The idea behind this would be a record that sits completely outside the agency's control so you're not relying on them to honestly report their own performance. Might not be needed in your case if you trust the agency, but for families who've had problems it could make a difference.

OP posts:
hatgirl · 15/02/2026 16:17

I'm a social worker and many of the care agencies we work with already operate a system like this - either a chip or a QR code and it logs times on an app that families have access to.

Anyone who doesn't trust that can set up a video doorbell as well if they wish and many do anyway so they can monitor the elderly person's doorway on their behalf.

hatgirl · 15/02/2026 16:21

I'm not sure families would be able to insist an agency used it either - your asking care staff to scan a code they have no idea where that information goes to or how it's being used?

If you wanted an immediate alert it would also rely on the phone signal being good which is not the case in lots of rural areas.

Musicaltheatremum · 15/02/2026 16:38

We had cameras in the house. Caught a couple of appalling things. Food delivery person stealing a knife and a carer sitting on his backside whilst my FIL struggled to make breakfast and the previous week had come in the house, FIL not in sitting room so assumed he was in hospital so left house- came back 3 hours later as care company hadn't been able to contact us and said he still wasn't in house yet he was sitting in a high backed chair at the far end of the sitting room.... outrageous really. You can have as many apps as you want but cameras are your only true safety mechanism

stayathomegardener · 15/02/2026 16:45

I think they would just take a photograph of it and scan remotely based on my carers experiences.
The most frustrating one that stands out was signing in for the breakfast call and finding the partially sighted bed bound resident still asleep cheerfully signed in her next 3 visits for the day.
I couldn’t work out on visiting why no lunchtime call was arriving.
Sackable offence in my book but apparently not.

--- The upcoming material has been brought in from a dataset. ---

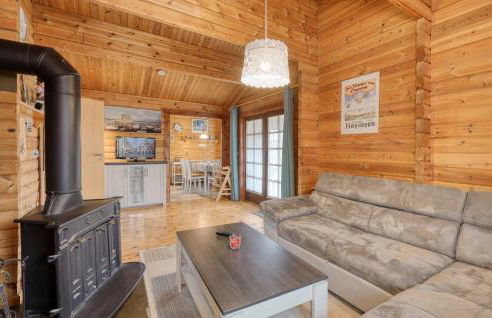 Ferienhaus Neckar 38 - Foto 8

My poor mother was being taken out by carers straight to the cash point and fleeced.

It was infinitely cheaper to install all sorts of security devices and not hugely time consuming to watch it back to check up.

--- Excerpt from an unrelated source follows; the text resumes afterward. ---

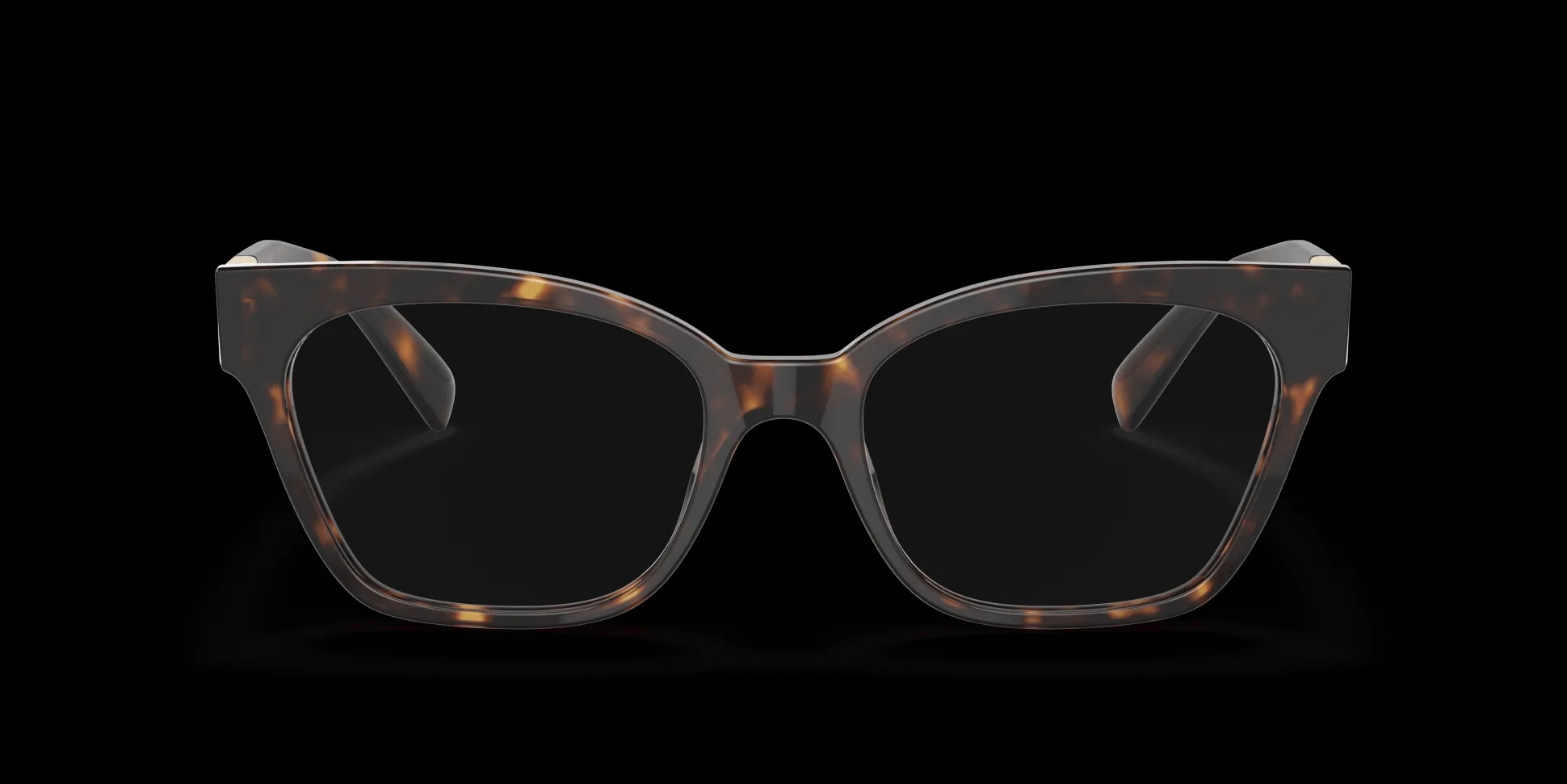 VERSACE VE3294 108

PinterandPirandello · 15/02/2026 18:03

I think it’s a good idea.

Chattanoogachoo · 16/03/2026 22:39

In my area the local trust have set up teams to rationalise care.So much hinges on the entries in that carers book, we''ve lost 2 caring slots x 15mins each day as the team didn't think the slots were being used sufficiently.The carers were often only writing in the bare minimum and it's difficult to keep an eye on if you don't live locally.

OldJohn · 17/03/2026 15:32

I saw this thread a while ago.
I live with my wife and she gets a carer twice a day. In the morning they help her wash and dress and at night help her get undressed and into bed. I am usually at home and help but occasionally I am out as I need a break from constant caring.
I have looked at the carer's logs carefully since reading this thread and they seem reasonably accurate. It is obvious that they often copy and paste a previous entry but as nothing changes that does not matter.
They have to log in and log out be touching their phone to a folder which is in our house.
Overall, I think their logs are accurate and can be relied upon.

saveforthat · 17/03/2026 15:40

I don't see how you could insist on the carer using this system as they are surely only obliged to follow the requirements of the agency.